BEGIN Material provided

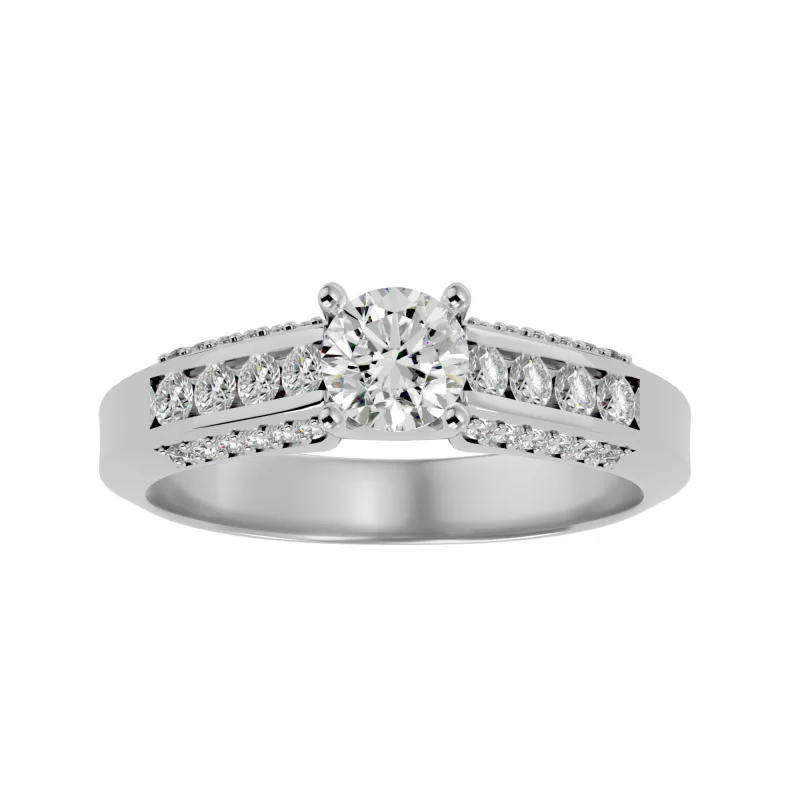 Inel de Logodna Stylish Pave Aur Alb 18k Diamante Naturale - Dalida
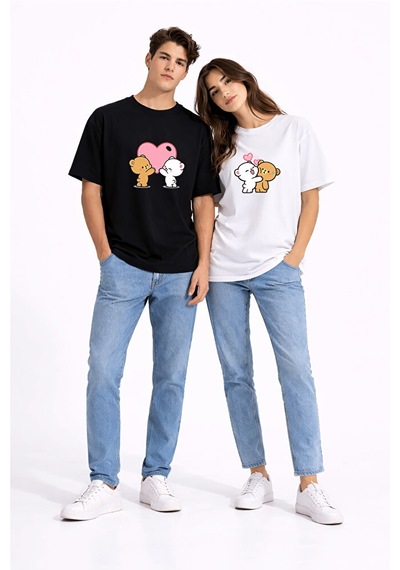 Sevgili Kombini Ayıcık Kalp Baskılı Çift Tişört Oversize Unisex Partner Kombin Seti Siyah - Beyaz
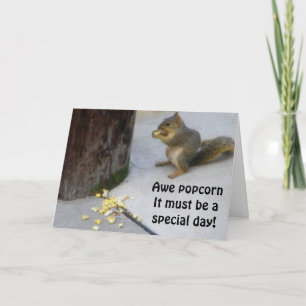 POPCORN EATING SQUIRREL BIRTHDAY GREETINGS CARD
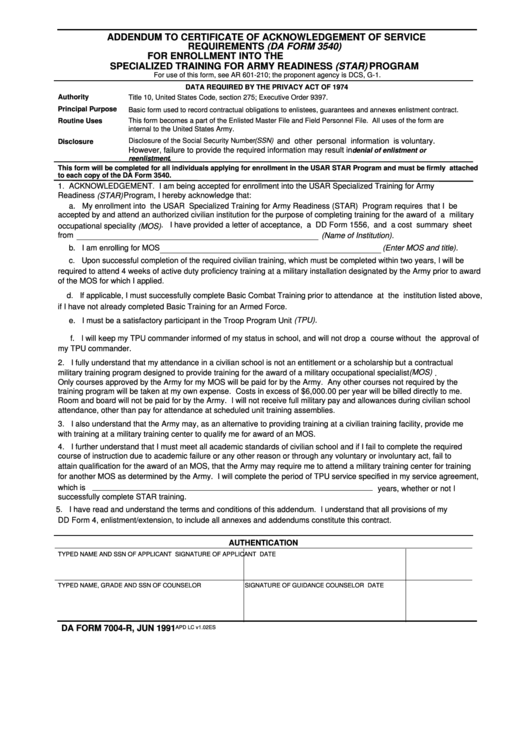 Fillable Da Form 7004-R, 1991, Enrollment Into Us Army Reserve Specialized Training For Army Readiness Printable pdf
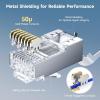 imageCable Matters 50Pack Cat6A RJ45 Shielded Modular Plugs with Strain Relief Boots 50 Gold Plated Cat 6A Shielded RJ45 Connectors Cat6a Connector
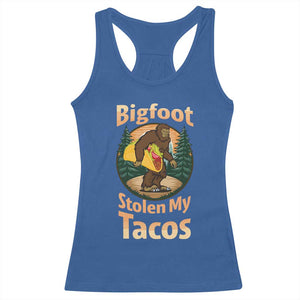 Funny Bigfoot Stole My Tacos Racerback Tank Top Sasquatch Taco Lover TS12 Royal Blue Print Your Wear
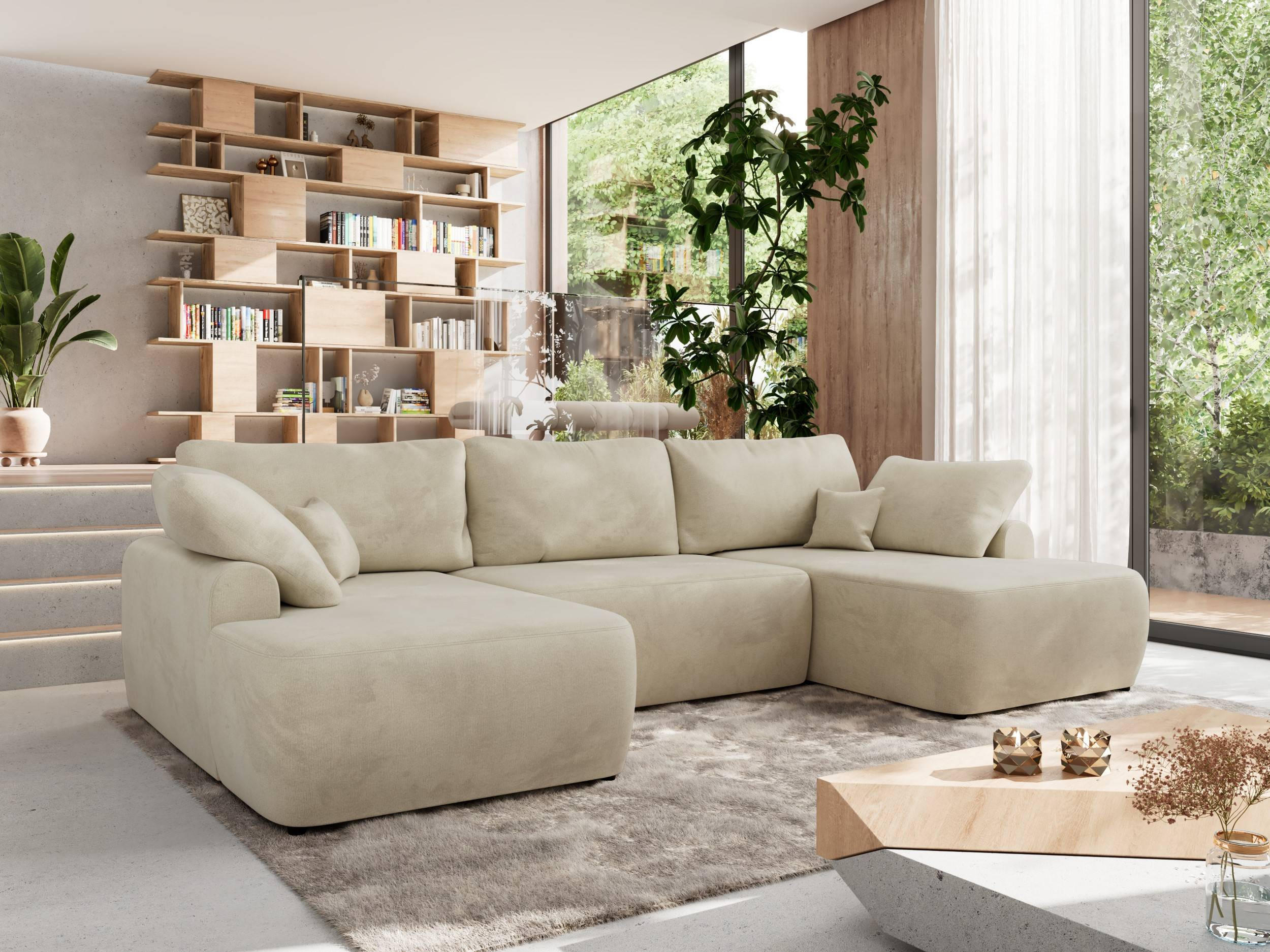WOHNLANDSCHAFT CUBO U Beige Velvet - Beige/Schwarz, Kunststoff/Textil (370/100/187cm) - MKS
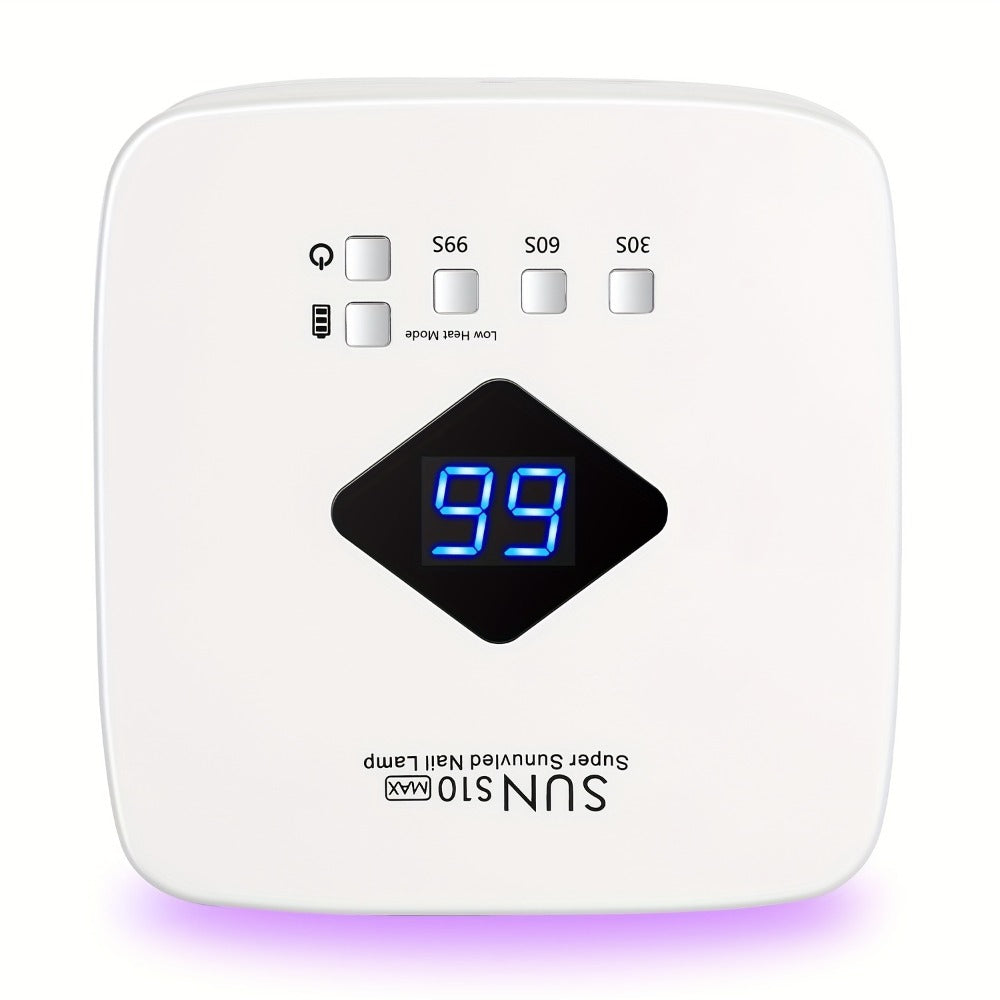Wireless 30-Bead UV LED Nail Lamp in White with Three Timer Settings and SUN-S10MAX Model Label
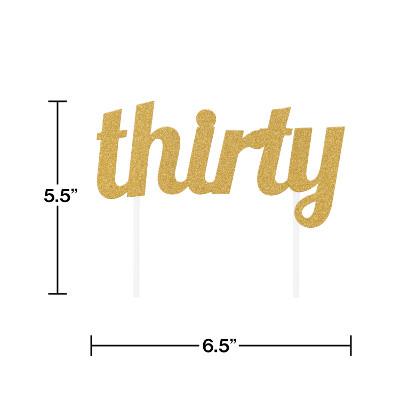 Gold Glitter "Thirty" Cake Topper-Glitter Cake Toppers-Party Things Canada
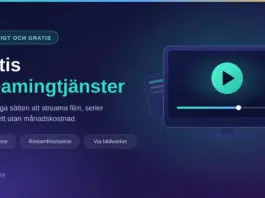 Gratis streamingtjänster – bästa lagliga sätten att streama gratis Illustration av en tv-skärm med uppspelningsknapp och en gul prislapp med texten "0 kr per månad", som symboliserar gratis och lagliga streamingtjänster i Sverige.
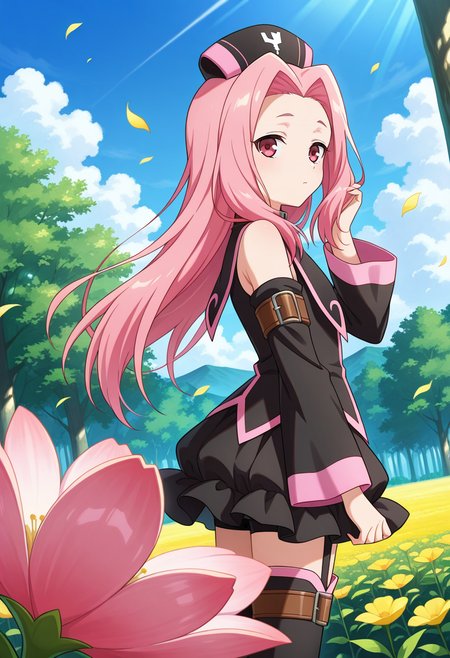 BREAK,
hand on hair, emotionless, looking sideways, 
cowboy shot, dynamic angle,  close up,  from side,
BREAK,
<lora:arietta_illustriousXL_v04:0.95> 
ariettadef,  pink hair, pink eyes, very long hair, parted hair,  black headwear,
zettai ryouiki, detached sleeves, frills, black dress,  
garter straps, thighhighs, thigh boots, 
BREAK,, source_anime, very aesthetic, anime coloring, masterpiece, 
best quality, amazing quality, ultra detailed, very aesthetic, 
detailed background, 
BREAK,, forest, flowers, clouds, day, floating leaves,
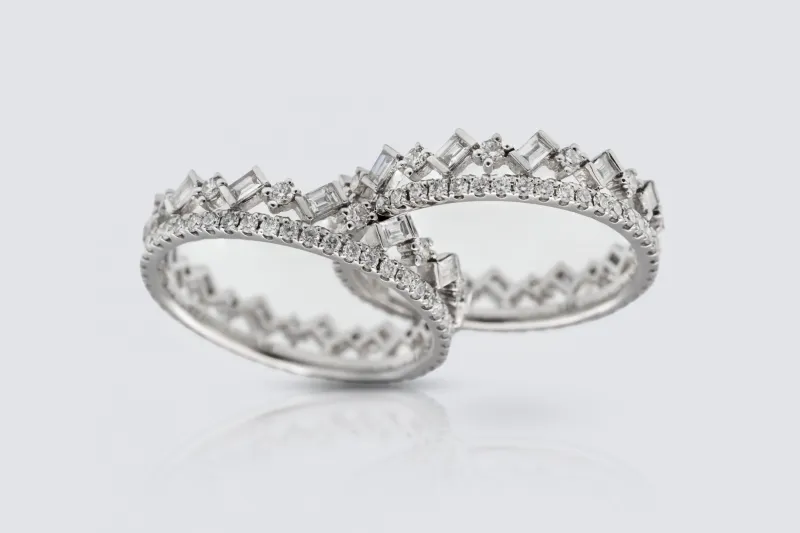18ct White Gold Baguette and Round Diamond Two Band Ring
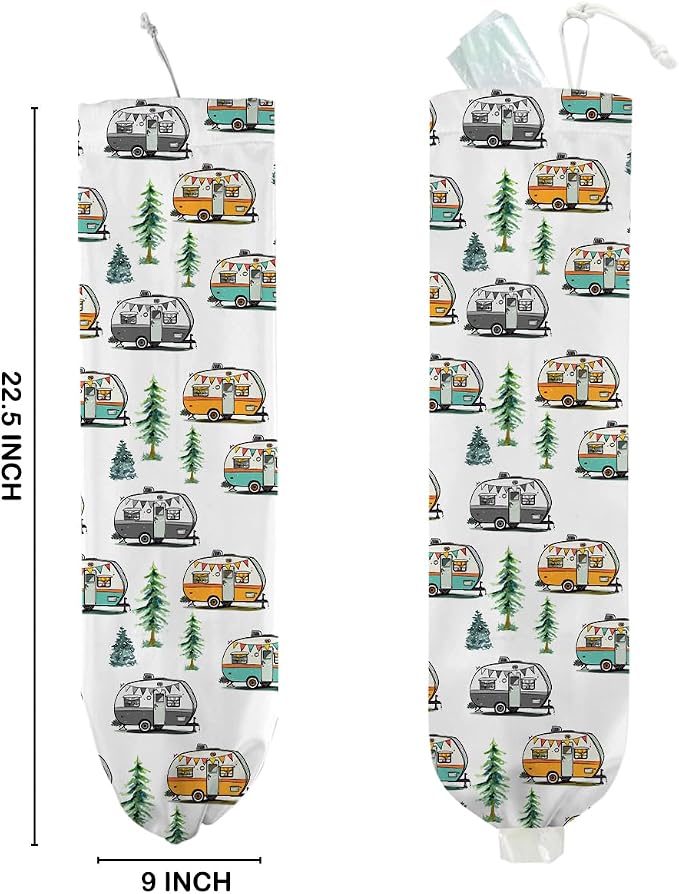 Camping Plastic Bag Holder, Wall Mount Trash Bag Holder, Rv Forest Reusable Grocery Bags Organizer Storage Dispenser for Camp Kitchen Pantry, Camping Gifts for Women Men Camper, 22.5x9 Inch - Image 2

END Material provided

[Exercise directions]:
Set down word for word the lines from the opening of the entries above through the line that contains "Funny Bigfoot Stole", and omit every picture.

[Task response]:
 Inel de Logodna Stylish Pave Aur Alb 18k Diamante Naturale - Dalida
 Sevgili Kombini Ayıcık Kalp Baskılı Çift Tişört Oversize Unisex Partner Kombin Seti Siyah - Beyaz
 POPCORN EATING SQUIRREL BIRTHDAY GREETINGS CARD
 Fillable Da Form 7004-R, 1991, Enrollment Into Us Army Reserve Specialized Training For Army Readiness Printable pdf
 imageCable Matters 50Pack Cat6A RJ45 Shielded Modular Plugs with Strain Relief Boots 50 Gold Plated Cat 6A Shielded RJ45 Connectors Cat6a Connector
 Funny Bigfoot Stole My Tacos Racerback Tank Top Sasquatch Taco Lover TS12 Royal Blue Print Your Wear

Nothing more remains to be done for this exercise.